On Mar 28, 2016, at 11:58 AM, Pete Jemian <jemian@anl.gov> wrote:
>
> Your code is a good example to refactor from a method into a class. 

If you get a chance, I’d like to have you explain to me why you would do this, 
so I learn more. I have always believed in writing the most simple code that 
gets the job done, so my feeling would be to stick with a simple function 
unless a class adds more features, simplifies use or maintenance. 

@prjemian
Copy link
Owner Author

Pete responds to Brian:

It all depends on how it is intended to be used.

@prjemian
Copy link
Owner Author

Doga Gursoy (welcome to the discussion) wrote:

For prototyping this is also an easy way: https://cookiecutter.readthedocs.org

Specifically: https://github.com/audreyr/cookiecutter-pypackage

@prjemian
Copy link
Owner Author

Now that the discussion is up to date, I'll continue...

What is the intended purpose of the addition of provenance code in this prototype?

  • for people who package python code
  • for people who use python code for data analysis and wish to document the components of the code at the time of the analysis?
  • to document what is in the package?

Will this method be called more than once each time the python package is used?

@prjemian
Copy link
Owner Author

CookieCutter looks like a very useful tool. Different, I believe, than Brian's idea of provenance tracking.

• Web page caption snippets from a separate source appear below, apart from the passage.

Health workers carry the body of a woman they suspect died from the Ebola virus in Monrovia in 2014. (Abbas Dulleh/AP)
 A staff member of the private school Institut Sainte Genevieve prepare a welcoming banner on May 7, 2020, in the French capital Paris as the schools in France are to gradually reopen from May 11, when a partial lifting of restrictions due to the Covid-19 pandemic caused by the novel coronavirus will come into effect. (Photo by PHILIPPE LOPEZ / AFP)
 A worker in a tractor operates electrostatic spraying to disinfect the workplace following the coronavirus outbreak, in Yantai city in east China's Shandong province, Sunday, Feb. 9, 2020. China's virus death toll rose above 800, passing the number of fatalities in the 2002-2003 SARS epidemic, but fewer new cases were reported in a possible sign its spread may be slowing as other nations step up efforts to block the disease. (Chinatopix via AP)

Thinking of that old lesson: do the fishing or teach the fishing, the CookieCutter project and
this PyPrototype project are on opposite ends of the lesson.

The PyPrototype project demonstrates the layout of a prototypical Python project. It is on the end of teaching how to fish. There will be some find/replace work to change each new copy of the prototype into a useful new project. Maybe that's too much work.

CookieCutter is very much on the end where the fishing is actually done. One uses it to create a new skeleton Python project with all the right names and such (or some other metaphorical cookie shape) according to a customized template.

Consider this: the PyPrototype project shows the pattern of the end result.
We could create a CookieCutter template to recreate the steps that provide the customized project.

@briantoby
Copy link
Collaborator

What is the intended purpose of the addition of provenance code in this prototype?

I see this as allowing people to recreate the code environment that gave a particular result. I am assuming that thanks to versioneer, one knows what version the current code one is running (perhaps that should be integrated in provenanceTracker.py.) but if a result is changed by for example a change in numpy, how does one track/recreate that?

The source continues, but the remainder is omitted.